Il est dramatique que la CAQ soit en train de récupérer la thématique de l’amélioration des services publics en invoquant les quelques rajouts budgétaires qui n’effacent en rien l’austérité précédente des Libéraux. Le parti, s’il s’en donne la peine, est en mesure de jouer un rôle non négligeable. Au niveau de la lutte idéologique est à promouvoir la compréhension de la lutte du secteur public comme une lutte écoféministe du «prendre soin». Au niveau organisationnel par sa nombreuse militance présente chez les syndicats du secteur public, le parti peut contribuer à bâtir un front commun à la base si son réseau intersyndical, qui existe depuis des années, prend audacieusement l’initiative particulièrement vis-à-vis le réseau intersyndical Lutte commune qui semble faire du sur place par rapport à l’organisation de la gauche syndicale. Voilà du pain sur la planche pour un regroupement anticapitaliste.

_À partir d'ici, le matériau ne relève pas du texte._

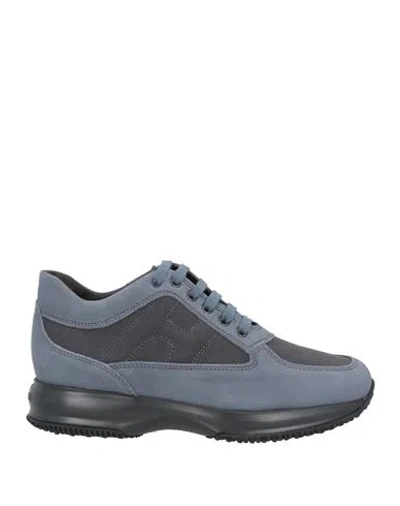 Hogan Man Sneakers Slate Blue Size 8.5 Soft Leather, Textile Fibers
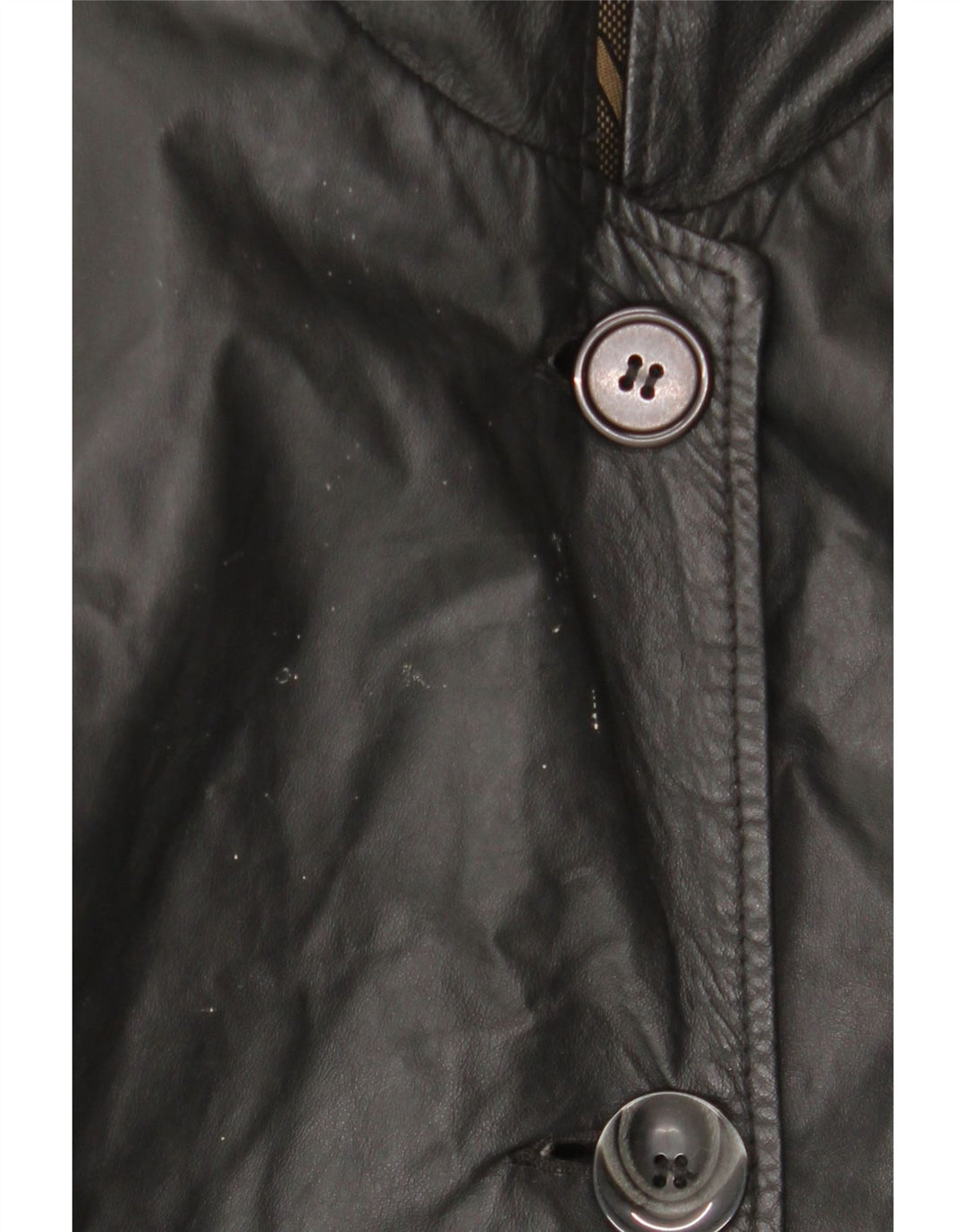 Винтажное женское кожаное пальто с капюшоном IT 44 Medium Black Leather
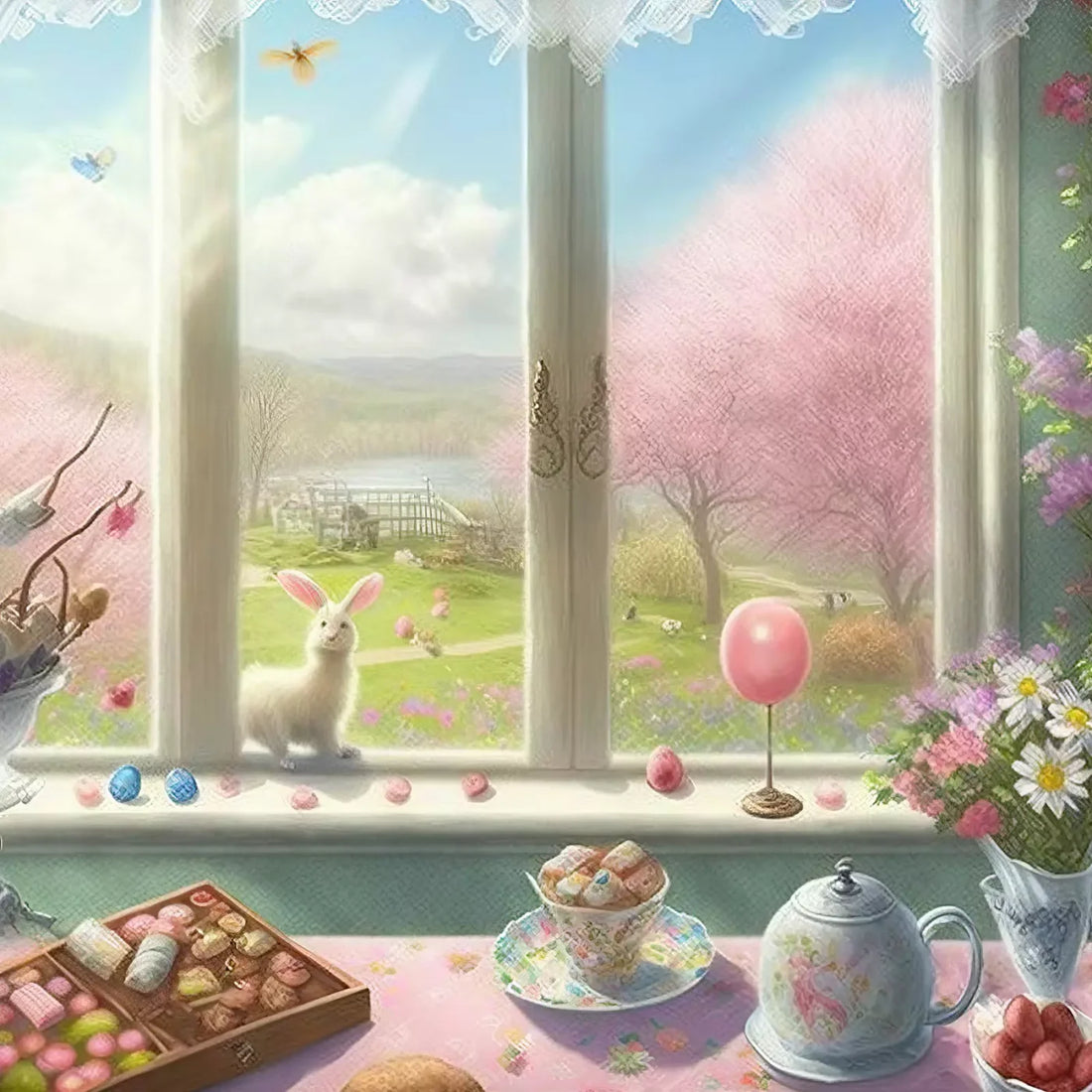 Easter Window 10’X10’ Ultracloth (120 X Inch) Backdrop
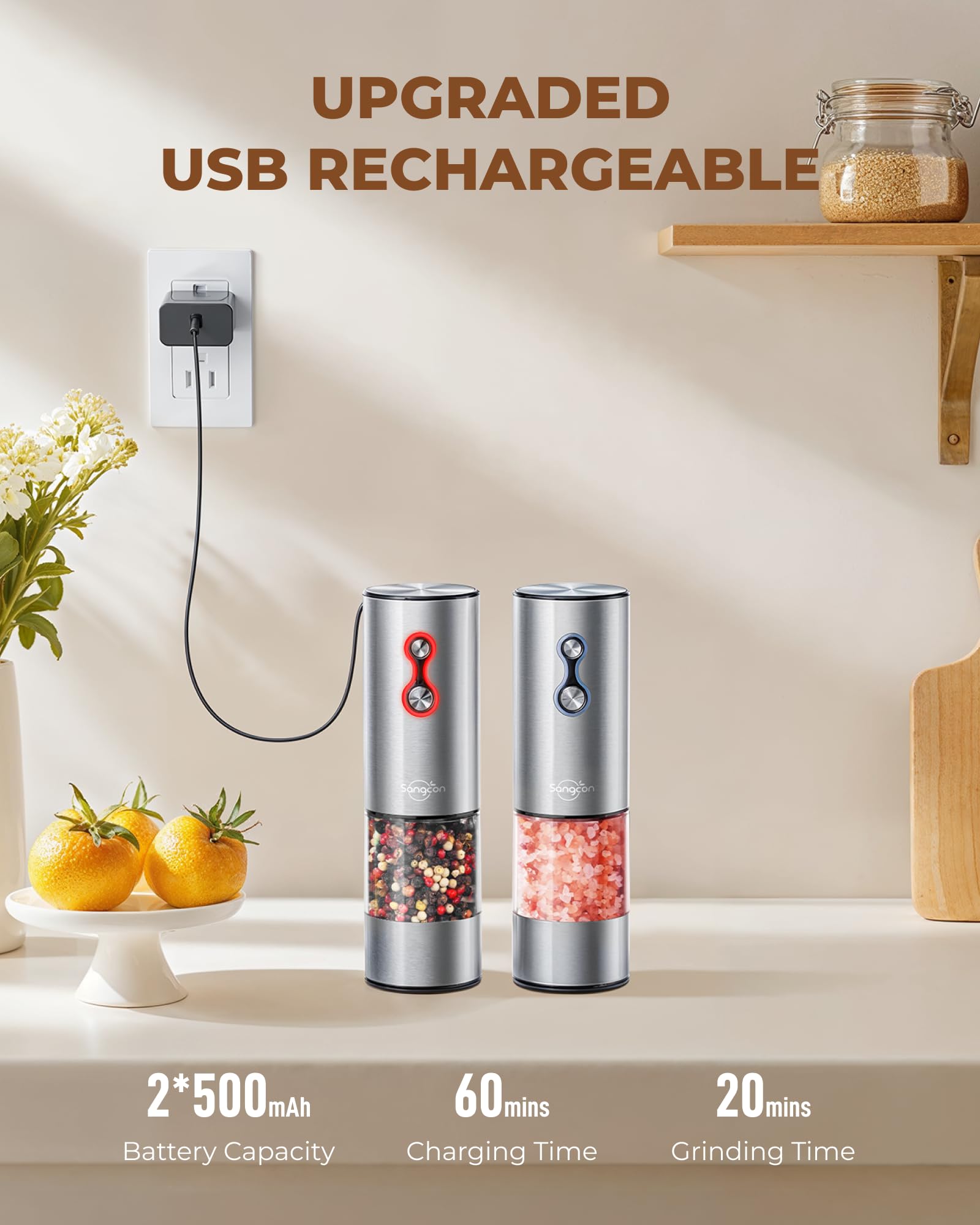 Sangcon 2-biegowy elektryczny zestaw młynków do soli i pieprzu, 500 mAh, duża pojemność, akumulator, stal nierdzewna, automatyczny młynek do soli i pieprzu, podwójne światło LED z osłoną przeciwpyłową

Soyons réalistes, créons cette impossible unité
Autant cette coordination s’annonce-t-elle difficile à construire, autant la crise existentielle de la civilisation s’amplifie-t-elle et que la direction du capitalisme mondial s’en balance, autant la société canadienne s’embourbe-t-elle dans le pétrole, autant celle québécoise fonce-t-elle dans le cul-de-sac du faux-laïc autonomisme identitaire, autant Québec solidaire se laisse gagner par le centrisme électoraliste, autant s’impose l’unité politique des anticapitalistes.
Il n’y a aucune raison que le rejet commun de l’écofiscalité et de l’indépendantisme identitaire/nationaliste ne débouche pas sur l’élaboration d’un projet de société assis sur une transition anticapitaliste anti-«char» et anti-extractiviste. Ce projet de société ouvre la porte d’une société éco-féministe de «prendre soin» des gens et éco-autochtone de «prendre soin» de la terre-mère qui soit la négation du chauvin Canada pétrolier et fer de lance nord-américain et même mondial de la lutte climatique menant au plein-emploi écologique. Il n’y a aucune raison que le rejet commun du verticalisme électoraliste à la mode populiste ne se mue pas en une refonte démocratique du parti. Cette refonte ferait émaner le pouvoir réel de la base, enracinée d’abord dans le mouvement et la lutte sociaux, et le concentrerait non pas dans le haut de la pyramide mais dans les congrès et conseil national et leurs comités de travail.
Ce pôle anticapitaliste à construire se développera en fonction de son articulation au développement de la lutte sociale soit en devenant hégémonique dans le parti, ce qui est une gageure dans le contexte d’un parti à cartes, soit en se transformant en parti anticapitaliste de masse dans la chaleur de la montée de la riposte.